The people of Greater Manchester have suffered from police cuts in a time of constant security threats, rising crime and anti-social behaviour. This has led to residents forming vigilante groups to protect themselves.
Local tax payers are now facing another council tax hike as Andy Burnham has pledged to spend the revenue on recruiting 50 new neighbourhood police officers, maintaining PCSO numbers and improving 101 services.
The government’s real-terms reduction in police funding carries the expectation that the elected mayor will compensate for the shortfall by increasing the local police precept. The deficit therefore has to come from those who have already experienced several years of austerity.
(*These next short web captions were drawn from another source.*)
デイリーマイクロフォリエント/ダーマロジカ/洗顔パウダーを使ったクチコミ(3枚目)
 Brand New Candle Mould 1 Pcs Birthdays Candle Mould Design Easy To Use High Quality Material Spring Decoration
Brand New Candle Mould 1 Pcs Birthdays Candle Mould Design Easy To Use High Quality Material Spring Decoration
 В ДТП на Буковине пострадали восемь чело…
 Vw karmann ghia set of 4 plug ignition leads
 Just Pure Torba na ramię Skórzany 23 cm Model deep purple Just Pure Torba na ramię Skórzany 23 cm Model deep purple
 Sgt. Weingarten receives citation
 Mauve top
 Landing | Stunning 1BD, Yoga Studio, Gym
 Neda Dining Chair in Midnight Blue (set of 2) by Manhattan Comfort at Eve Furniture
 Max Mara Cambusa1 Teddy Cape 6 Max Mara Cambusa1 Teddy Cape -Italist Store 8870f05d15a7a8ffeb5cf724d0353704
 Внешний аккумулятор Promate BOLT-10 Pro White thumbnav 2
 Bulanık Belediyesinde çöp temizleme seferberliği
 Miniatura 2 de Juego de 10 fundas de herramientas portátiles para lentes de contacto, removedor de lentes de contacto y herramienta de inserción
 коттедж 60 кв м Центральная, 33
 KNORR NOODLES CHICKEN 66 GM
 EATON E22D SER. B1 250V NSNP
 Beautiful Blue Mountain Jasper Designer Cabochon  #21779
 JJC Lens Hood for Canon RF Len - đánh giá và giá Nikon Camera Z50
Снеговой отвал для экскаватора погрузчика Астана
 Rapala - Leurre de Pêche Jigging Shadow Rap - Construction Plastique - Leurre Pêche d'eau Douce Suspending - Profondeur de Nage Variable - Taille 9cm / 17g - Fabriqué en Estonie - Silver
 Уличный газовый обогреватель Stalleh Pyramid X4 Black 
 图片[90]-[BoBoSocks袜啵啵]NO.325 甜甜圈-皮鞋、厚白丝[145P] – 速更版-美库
In truth, the Tory government designed devolution deals to devolve blame. The responsibility is shifted from the centre to the regional level and eventually to local authorities, which are ultimately held accountable and forced to drain more cash from an already struggling population.
Last year the UK saw police-recorded crime rise by 13 per cent, the highest annual crime increase in a decade. In Greater Manchester, just under 19,000 more crimes were committed in 2017 compared to the previous year, and the local force has lost 2,000 police officers since the start of Tory austerity eight years ago.
Labour’s 2017 manifesto committed to an extra 10,000 police officers and 3,000 more prison officers. Only a Labour government can be trusted to protect our communities by rebuilding community policing and strengthening the ties between different communities.
A struggling NHS, increasing drug and alcohol problems, security threats, paralysed frontline policing, fast-evolving online criminal behaviour and an underfunded prison service – Greater Manchester is crying out for more funding. Only Labour policies are radical and ambitious enough to halt this crisis.